Source: Yes! Magazine
Excerpted from Household Workers Unite: The Untold Story of African American Women Who Built a Movement
In the late 1990s, household workers around the country began to organize to address the exploitation and abuse in their occupation. These domestic workers, immigrant nannies, housecleaners, and elder-care workers from all over the world—the Philippines, Barbados, Brazil, Mexico, El Salvador, Indonesia, and Nepal—used public shaming strategies to draw attention to particularly egregious employers, sued for back pay, developed support groups, organized training and certificate programs, and lobbied for statewide domestic workers’ bills of rights. In building a movement, domestic workers used storytelling to connect workers with one another. Barbara Young, for example, a former nanny and an organizer with the National Domestic Workers Alliance, joined Domestic Workers United in New York City in the early 2000s. Young was in a park one day with the child she cared for when another household worker, Erline Brown, invited her to a DWU meeting in Brooklyn. “People were telling the stories about the work that they were doing, not getting vacation, not getting paid for holidays.,” she explained. “It was the first time I was hearing stories from workers coming together.” DWU mobilized women of different racial, ethnic, linguistic, and national backgrounds. Despite the diverse origins, all the stories seemed to resonate with one another. As Young put it: “Some people had different stories but similar stories.”

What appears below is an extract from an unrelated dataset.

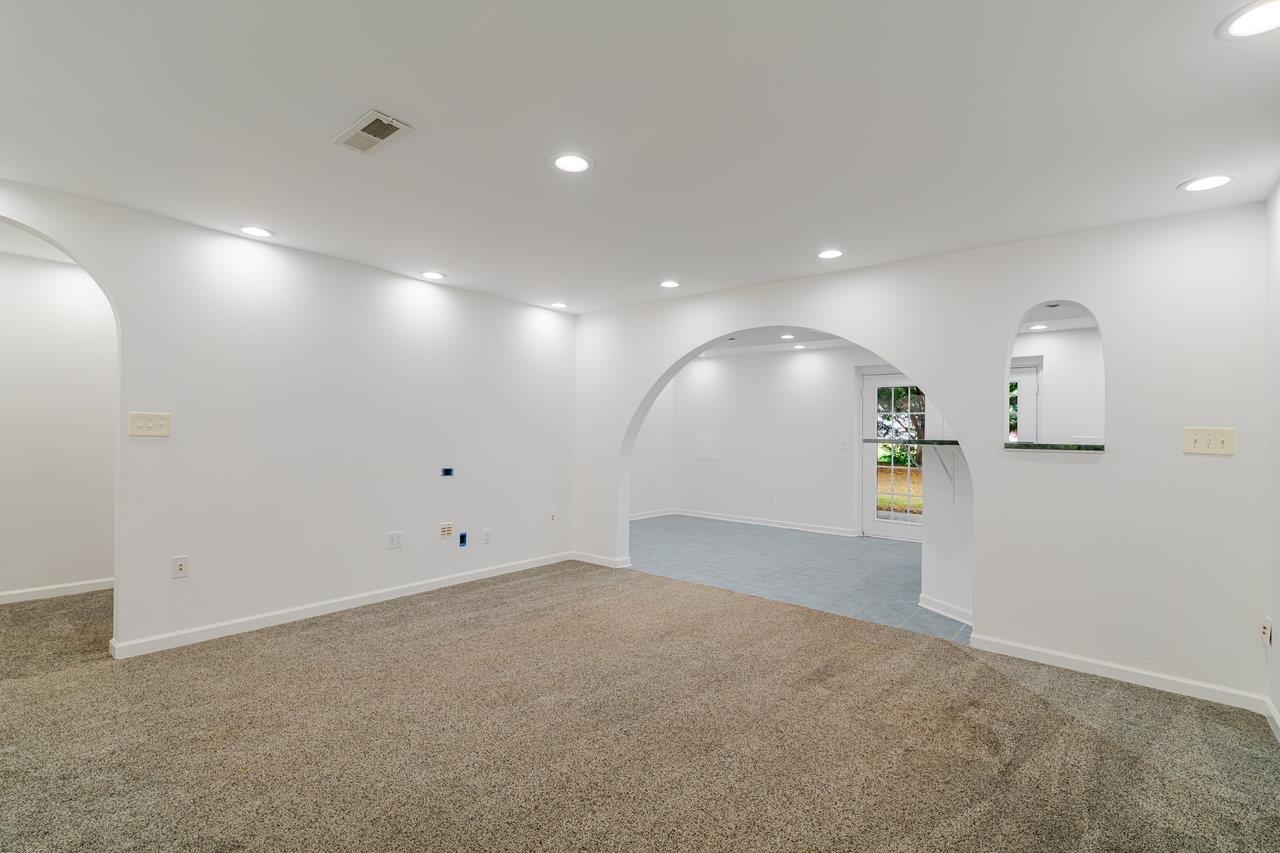 1271 King Edwards Way Harrisonburg, VA 22801 - Photo 62 of 75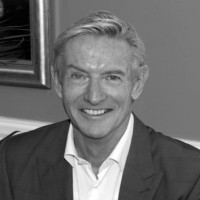 Wayne Dennis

This contemporary organizing is making its mark on today’s political landscape, but as a movement the struggle for domestic workers rights started decades ago among private household workers, mostly African-American women, who established a powerful nationwide movement to bring dignity, rights, and professionalization to their labor. One of their central goals was to revalue and upgrade the status of household labor. This distinguished them from many in the feminist community who denigrated housework in order to make a claim for employment opportunities outside the home.
Like contemporary organizers, they relied on storytelling to build political solidarity and recruit workers to their movement. Storytelling provided a means of transforming household labor: to critique the occupation, but also to imagine domestic work differently. The movement sought to change the character of domestic labor and to bring it recognition. And it did so in multiple ways, including successfully lobbying for amendments to the Fair Labor Standards Act in 1974, which won household workers federal minimum wage protection after nearly forty years of exclusion. Meet three of the women who helped launch this movement:
1. Josephine Hulett: A working mother seeking advancement
Josephine Hulett was a single mother and household worker who formed the Youngstown Household Technicians in 1968. Two years later she became a field organizer for the National Committee on Household Employment, a middle-class organization that was interested in developing a network of domestic worker groups. Hulett traveled around the country sharing her personal story with local organizations and encouraging them to participate in the first-ever national convention of household workers, which took place in 1971. Many household workers identified with the experiences Hulett shared of hardship, mistreatment, efforts at advancement, and juggling work and single motherhood.
As a high school dropout with few job opportunities, Hulett turned to domestic work to support herself. Because she couldn’t afford paid child care, she left the baby with her ex-husband’s family during the day, and ventured out from her home in Girard, Ohio, near Youngstown, in search of day work. At her first job she earned $25 a week for five and a half days. She paid eighty cents for bus fare, walking two and a half miles each way to avoid paying for an additional bus. Her employer’s husband owned a produce company, yet she was given only a hot dog for lunch every day. She cared for four young children and cleaned a large house from top to bottom. Although she frequently worked late, she was never paid for overtime.
One day, when she left thirty minutes early to take her son to the doctor, her employer docked her pay. The next day she left at five o’clock and informed her boss she would never work overtime again. The following week, she was fired.